- _Assignment_
Give the entries below again exactly. Their pictures are not needed.

◇ ◇ ◇

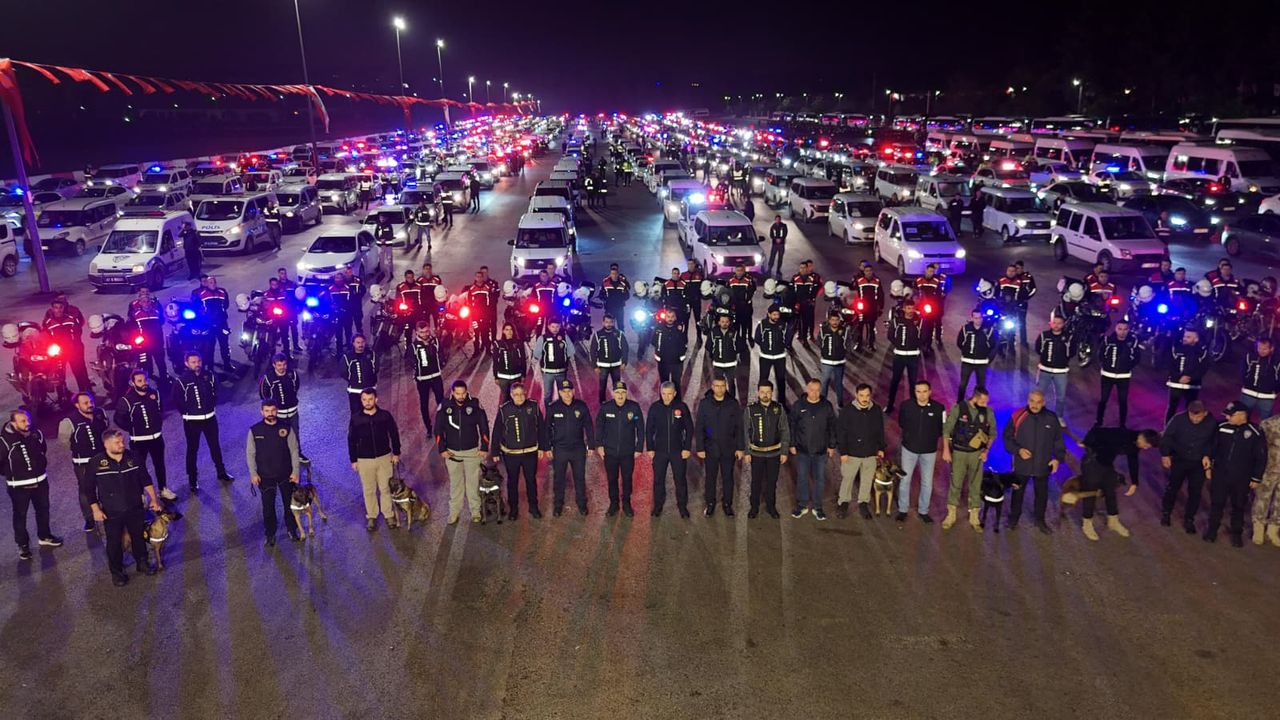 ANTALYA - Polisten şafak operasyonu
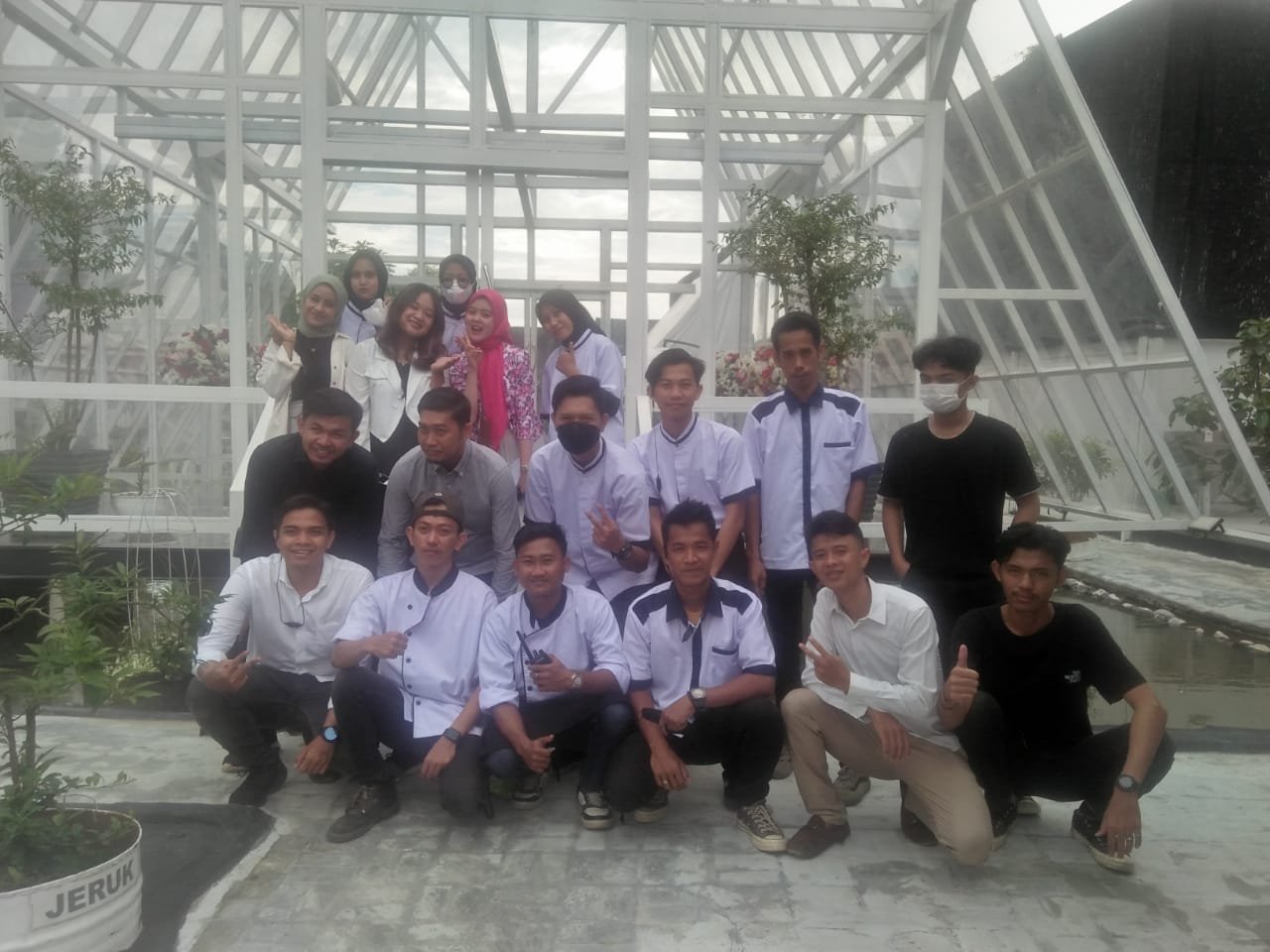 Pertama Hadir Di Kota Palembang Soft Opening Taman Rumah Kaca Pertama Hadir Di Kota Palembang Soft Opening Taman Rumah Kaca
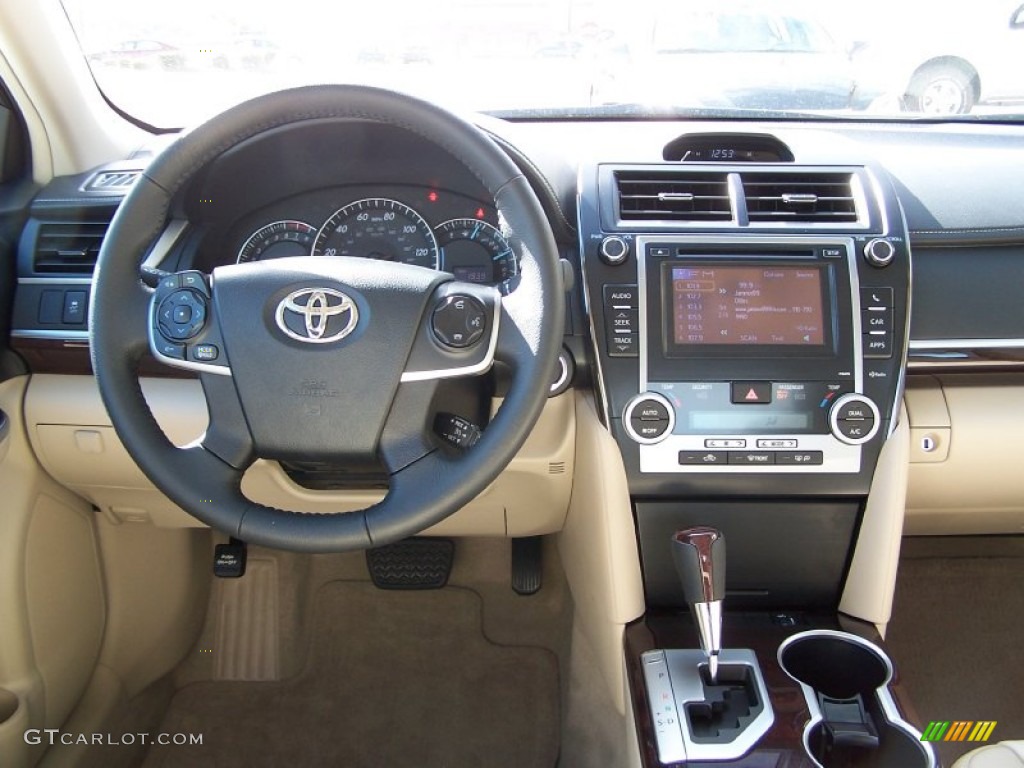 2013 Camry XLE V6 - Super White / Ivory photo #15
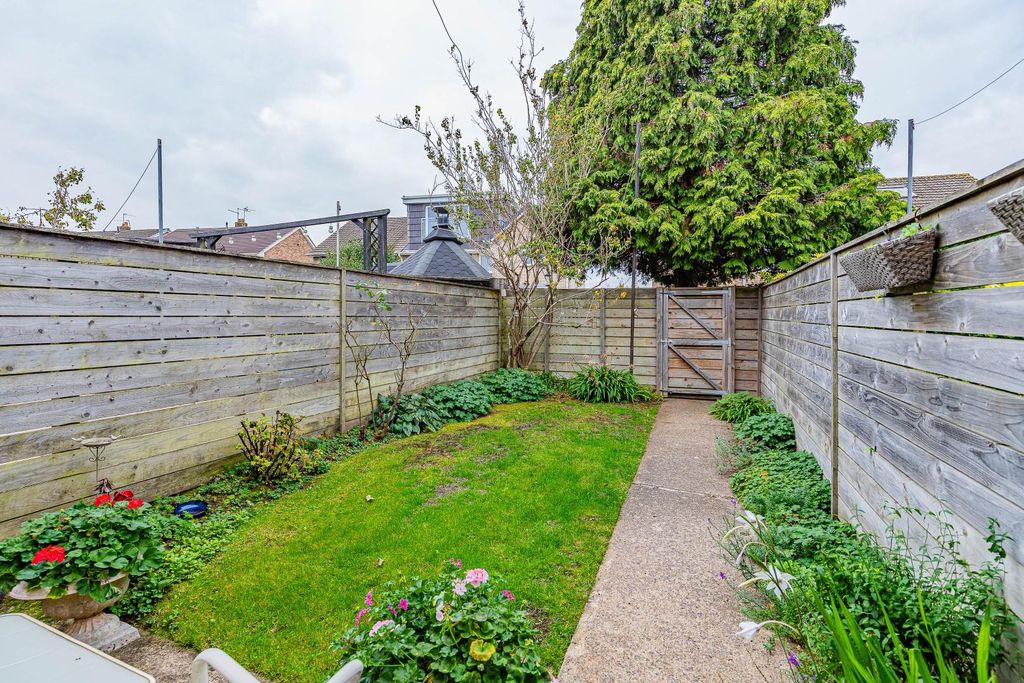 Property photo 2 of 16 56-3.Jpg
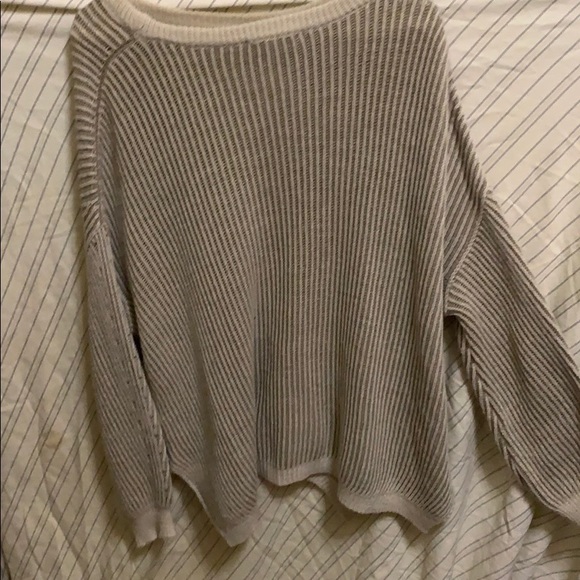 Tan sweater never worn before one size fit all - Picture 2 of 5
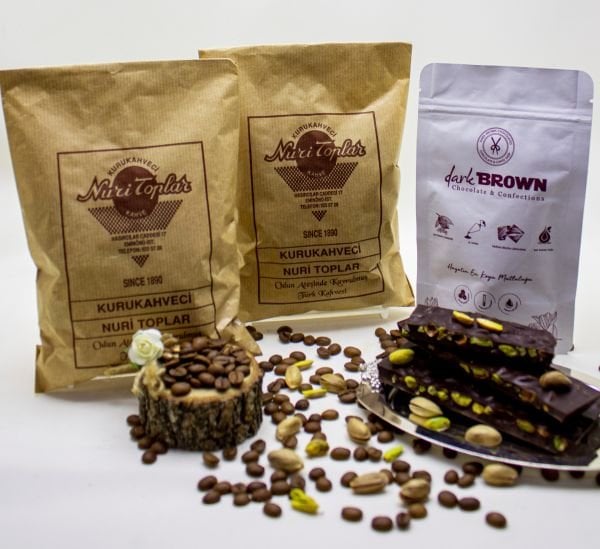 Nuri Toplar Taze Çekim Türk Kahvesi 500g & Dark Brown Antep Fıstıklı Bitter Beyoğlu Çikolatası 250g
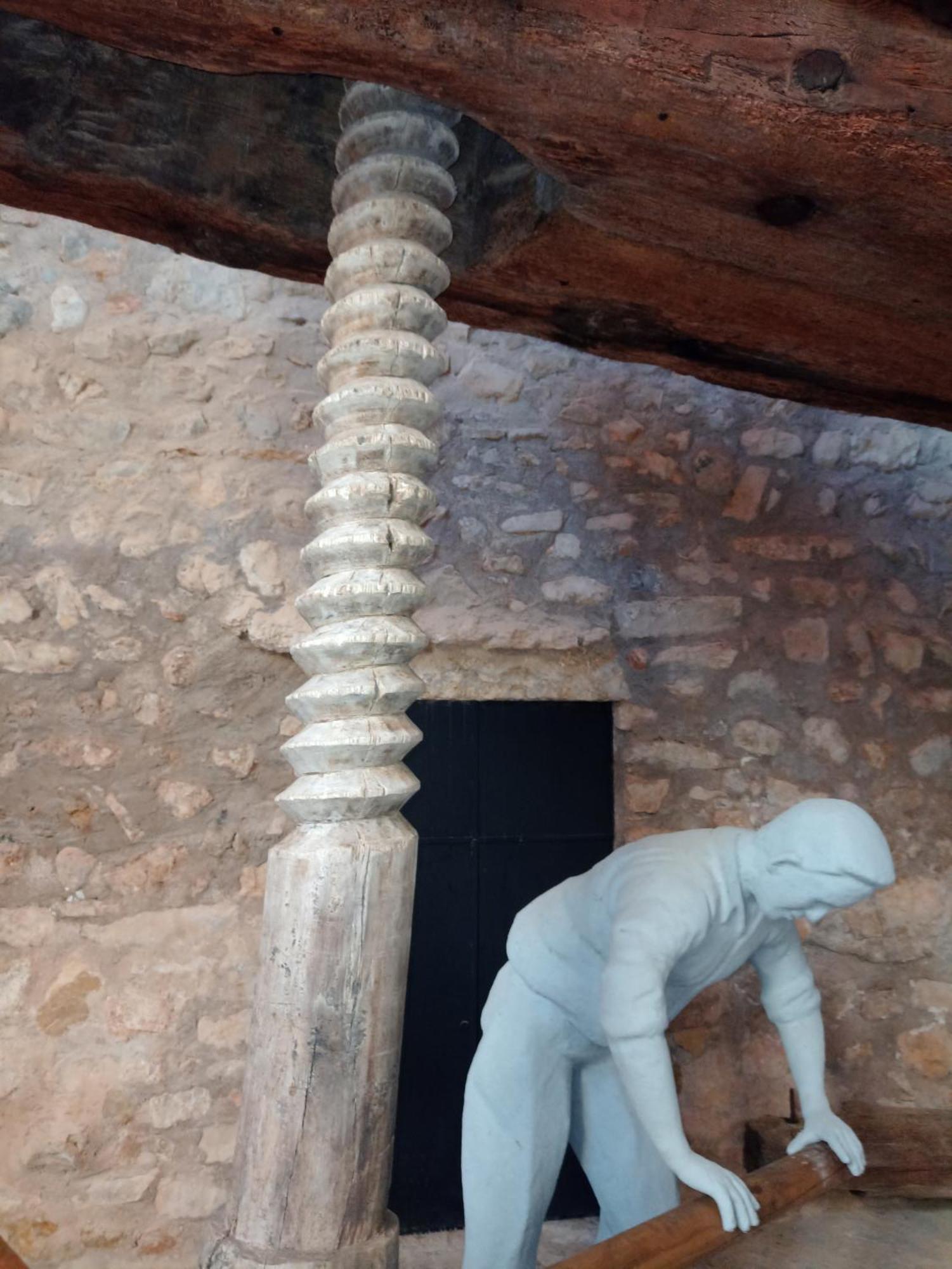 Tranquil And Spacious Townhouse In Historical And Picturesque Cervera Del Maestre Exterior photo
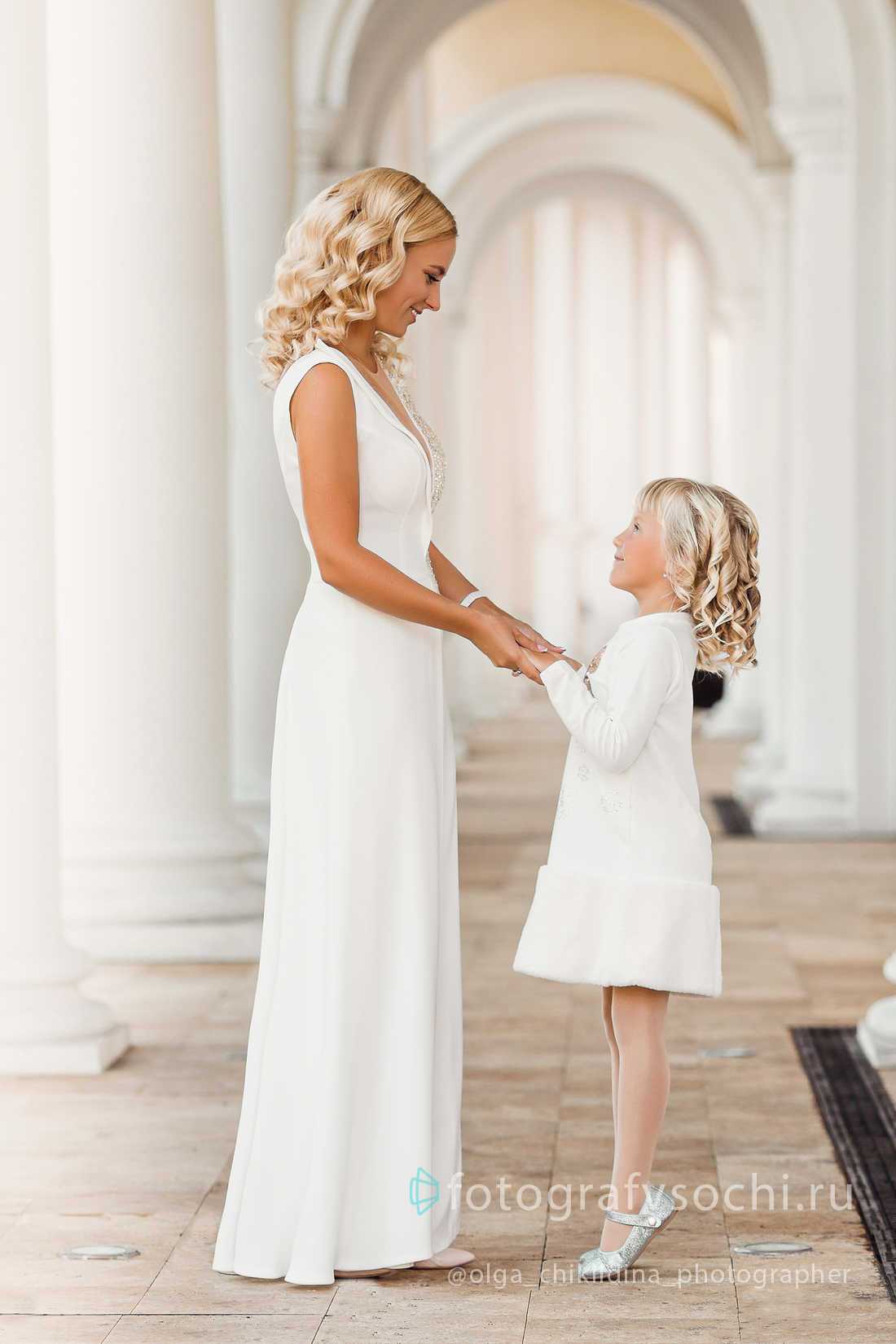 Девочка и мама в белых платьях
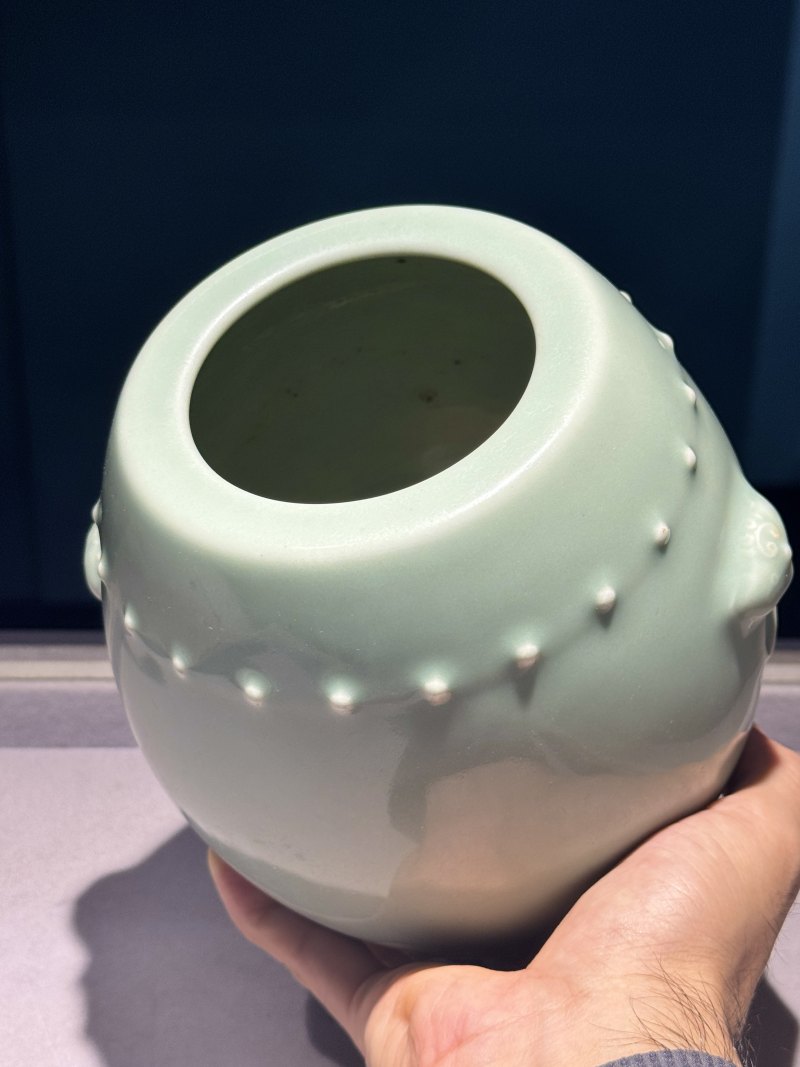 清乾隆 粉青釉铺首耳鼓钉罐 - 图57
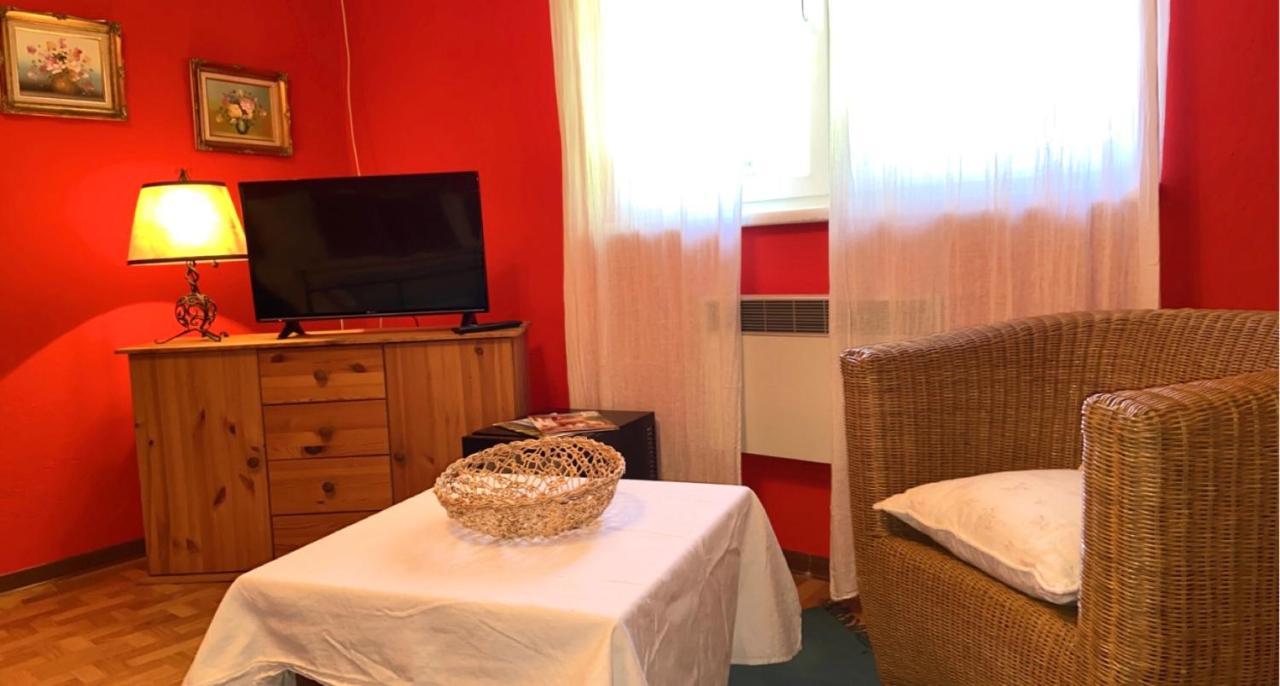 Gemutliches Zimmer Im Innenhof Jois Exterior foto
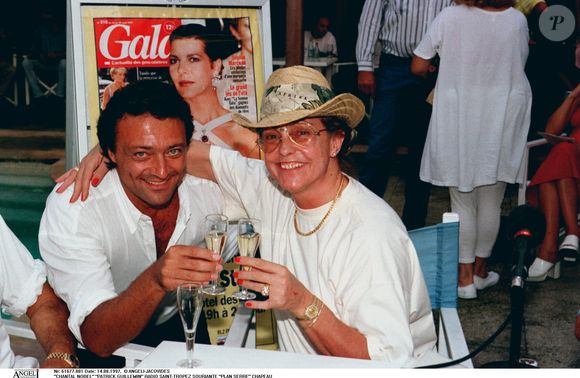 Pendant son hospitalisation, des paparazzis s’introduisent dans sa chambre pour la photographier.

Chantal Nobel, souriante, et Patrick Guillemin, à Saint-Tropez. 

ANGELI-JACOVIDES / BESTIMAGE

◇ ◇ ◇

- _Task solution_
 ANTALYA - Polisten şafak operasyonu
 Pertama Hadir Di Kota Palembang Soft Opening Taman Rumah Kaca Pertama Hadir Di Kota Palembang Soft Opening Taman Rumah Kaca
 2013 Camry XLE V6 - Super White / Ivory photo #15
 Property photo 2 of 16 56-3.Jpg
 Tan sweater never worn before one size fit all - Picture 2 of 5
 Nuri Toplar Taze Çekim Türk Kahvesi 500g & Dark Brown Antep Fıstıklı Bitter Beyoğlu Çikolatası 250g
 Tranquil And Spacious Townhouse In Historical And Picturesque Cervera Del Maestre Exterior photo
 Девочка и мама в белых платьях
 清乾隆 粉青釉铺首耳鼓钉罐 - 图57
 Gemutliches Zimmer Im Innenhof Jois Exterior foto
 Pendant son hospitalisation, des paparazzis s’introduisent dans sa chambre pour la photographier.

Chantal Nobel, souriante, et Patrick Guillemin, à Saint-Tropez. 

ANGELI-JACOVIDES / BESTIMAGE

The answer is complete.